##### DATA SHOWN #####
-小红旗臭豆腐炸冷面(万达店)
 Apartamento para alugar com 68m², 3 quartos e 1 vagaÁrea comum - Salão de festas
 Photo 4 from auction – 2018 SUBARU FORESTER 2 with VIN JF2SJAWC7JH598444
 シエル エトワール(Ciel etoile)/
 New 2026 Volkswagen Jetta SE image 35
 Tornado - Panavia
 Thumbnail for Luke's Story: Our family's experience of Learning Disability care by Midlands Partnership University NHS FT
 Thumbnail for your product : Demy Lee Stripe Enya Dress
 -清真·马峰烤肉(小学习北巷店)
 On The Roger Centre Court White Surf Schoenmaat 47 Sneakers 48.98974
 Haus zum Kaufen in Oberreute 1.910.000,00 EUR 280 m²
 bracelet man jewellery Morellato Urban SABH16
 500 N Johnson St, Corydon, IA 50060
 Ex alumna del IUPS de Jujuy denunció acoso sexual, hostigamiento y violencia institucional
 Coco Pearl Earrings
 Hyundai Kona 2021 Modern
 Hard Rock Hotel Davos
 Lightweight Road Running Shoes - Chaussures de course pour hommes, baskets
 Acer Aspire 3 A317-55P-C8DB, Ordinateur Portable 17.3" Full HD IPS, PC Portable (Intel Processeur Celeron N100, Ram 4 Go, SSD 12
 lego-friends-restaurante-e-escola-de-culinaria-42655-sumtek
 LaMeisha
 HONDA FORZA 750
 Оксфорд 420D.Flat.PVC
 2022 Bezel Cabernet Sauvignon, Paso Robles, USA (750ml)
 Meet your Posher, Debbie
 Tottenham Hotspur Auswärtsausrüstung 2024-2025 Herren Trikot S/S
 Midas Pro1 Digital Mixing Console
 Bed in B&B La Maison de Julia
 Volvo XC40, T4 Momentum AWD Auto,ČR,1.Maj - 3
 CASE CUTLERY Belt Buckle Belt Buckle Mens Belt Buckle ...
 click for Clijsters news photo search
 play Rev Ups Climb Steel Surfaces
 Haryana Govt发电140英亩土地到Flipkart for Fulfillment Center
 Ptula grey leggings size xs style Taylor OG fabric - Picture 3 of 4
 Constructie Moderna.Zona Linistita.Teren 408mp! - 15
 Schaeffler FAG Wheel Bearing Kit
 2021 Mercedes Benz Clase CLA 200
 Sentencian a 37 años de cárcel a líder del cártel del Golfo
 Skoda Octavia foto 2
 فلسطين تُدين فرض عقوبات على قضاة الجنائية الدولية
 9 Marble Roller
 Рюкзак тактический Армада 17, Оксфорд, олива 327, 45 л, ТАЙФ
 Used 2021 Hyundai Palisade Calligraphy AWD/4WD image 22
#####
WHAT THIS TASK INVOLVES: Report every line in the data above in which the word "Thumbnail" appears.

TASK RESPONSE:
 Thumbnail for Luke's Story: Our family's experience of Learning Disability care by Midlands Partnership University NHS FT
 Thumbnail for your product : Demy Lee Stripe Enya Dress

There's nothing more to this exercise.